In the early days of the invasion, the Russian authorities hoped to repeat the marketing success of “polite people,” a propagandistic euphemism for Russian soldiers during the 2014 takeover of Crimea. According to Moscow’s plans in February 2022, the invasion was supposed to happen so quickly that no one would have either the time or the inclination to ask any clarifying questions or express any doubts.
Z’s popularity has declined in step with Russian troops’ loss of initiative at the front. The peak of Russian support for the war seems to have occurred in June and July 2022, sociologist Elena Koneva believes.
Within six months of the start of the full-scale war, support for the “special military operation” began to decline, even according to data from Russia’s state-owned public polling institution. At that point, Z turned up more rarely on the social media accounts of Russian propagandists, war bloggers, and pro-Kremlin influencers.
It became obvious that spontaneous marketing using the letter Z was a fairly bad idea. Putting Z on product packaging didn’t improve sales. Drawing a Z on a shop sign or a store window didn’t bring in more customers. Performers who displayed Z didn’t see their popularity soar.
The letter has also become a source of civic discord. People regularly damage street installations featuring the letter Z, and when the authorities manage to catch those responsible, they charge them not with vandalism but with “discrediting the armed forces.” Last December, vandals in many cities rejected the local authorities’ decision to use Z in holiday decorations.

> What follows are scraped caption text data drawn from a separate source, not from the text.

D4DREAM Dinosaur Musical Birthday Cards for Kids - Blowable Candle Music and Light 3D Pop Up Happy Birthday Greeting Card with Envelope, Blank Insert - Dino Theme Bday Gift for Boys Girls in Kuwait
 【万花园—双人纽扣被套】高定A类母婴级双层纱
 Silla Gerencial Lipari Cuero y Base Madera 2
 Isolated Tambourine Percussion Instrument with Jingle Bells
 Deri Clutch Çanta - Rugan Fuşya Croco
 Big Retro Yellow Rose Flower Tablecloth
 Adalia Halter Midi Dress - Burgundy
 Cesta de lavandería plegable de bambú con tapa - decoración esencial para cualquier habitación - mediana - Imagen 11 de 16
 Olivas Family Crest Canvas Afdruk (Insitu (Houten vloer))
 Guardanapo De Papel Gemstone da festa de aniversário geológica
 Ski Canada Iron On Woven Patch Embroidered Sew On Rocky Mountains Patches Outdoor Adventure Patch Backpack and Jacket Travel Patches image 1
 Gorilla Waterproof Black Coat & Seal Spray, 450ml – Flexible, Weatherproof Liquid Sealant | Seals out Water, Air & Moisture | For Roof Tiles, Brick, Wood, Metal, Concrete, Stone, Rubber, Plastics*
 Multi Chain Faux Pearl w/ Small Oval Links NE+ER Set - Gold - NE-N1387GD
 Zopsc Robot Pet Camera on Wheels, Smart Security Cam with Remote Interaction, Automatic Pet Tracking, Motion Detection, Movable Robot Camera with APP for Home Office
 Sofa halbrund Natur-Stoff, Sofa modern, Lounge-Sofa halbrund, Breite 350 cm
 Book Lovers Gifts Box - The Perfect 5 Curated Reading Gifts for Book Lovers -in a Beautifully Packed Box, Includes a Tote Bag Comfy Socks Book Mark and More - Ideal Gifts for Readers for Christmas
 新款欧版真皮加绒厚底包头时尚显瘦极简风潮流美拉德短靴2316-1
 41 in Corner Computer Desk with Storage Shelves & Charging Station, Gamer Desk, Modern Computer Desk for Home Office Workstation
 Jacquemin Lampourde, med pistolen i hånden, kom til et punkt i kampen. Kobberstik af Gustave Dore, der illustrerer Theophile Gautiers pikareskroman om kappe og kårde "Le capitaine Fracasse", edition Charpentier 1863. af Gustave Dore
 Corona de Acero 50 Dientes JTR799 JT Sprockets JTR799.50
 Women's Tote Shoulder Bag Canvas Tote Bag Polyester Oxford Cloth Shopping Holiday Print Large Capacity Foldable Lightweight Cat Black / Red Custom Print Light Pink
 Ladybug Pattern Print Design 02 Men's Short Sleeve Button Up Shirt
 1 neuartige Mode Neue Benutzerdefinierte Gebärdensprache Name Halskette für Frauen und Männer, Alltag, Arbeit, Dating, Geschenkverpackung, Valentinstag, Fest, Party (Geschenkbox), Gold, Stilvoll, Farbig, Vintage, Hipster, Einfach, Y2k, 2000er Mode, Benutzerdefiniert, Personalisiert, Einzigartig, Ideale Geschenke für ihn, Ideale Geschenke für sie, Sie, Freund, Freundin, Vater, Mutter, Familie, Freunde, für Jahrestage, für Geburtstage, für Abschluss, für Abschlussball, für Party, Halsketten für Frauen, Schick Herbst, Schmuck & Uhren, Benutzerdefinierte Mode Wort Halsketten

If Z ever did symbolize the patriotic fervor of a truly mass character, rather than a PR stunt, that fervor quickly melted away to nothing.
But Z is still everywhere
A particular political subculture — we can call it the Z subculture — has recently matured Russia.
Scholars often use the term “political subculture” to label groups of people who generally fit into their current political system, but who hold a handful of views that differ sharply from mainstream consensus.
Members of political subcultures, writes political scientist Walter Rosenbaum, share some ideas with the political mainstream but offer alternative (not necessarily radical) answers to systemic challenges. Examples of political subcultures in the U.S. include such groups as democratic socialists, many of whom are registered as voters with the Democratic Party but, on a range of questions (mainly about social entitlements and the role of the state in economic policy), support much more radical positions than their fellow Democrats.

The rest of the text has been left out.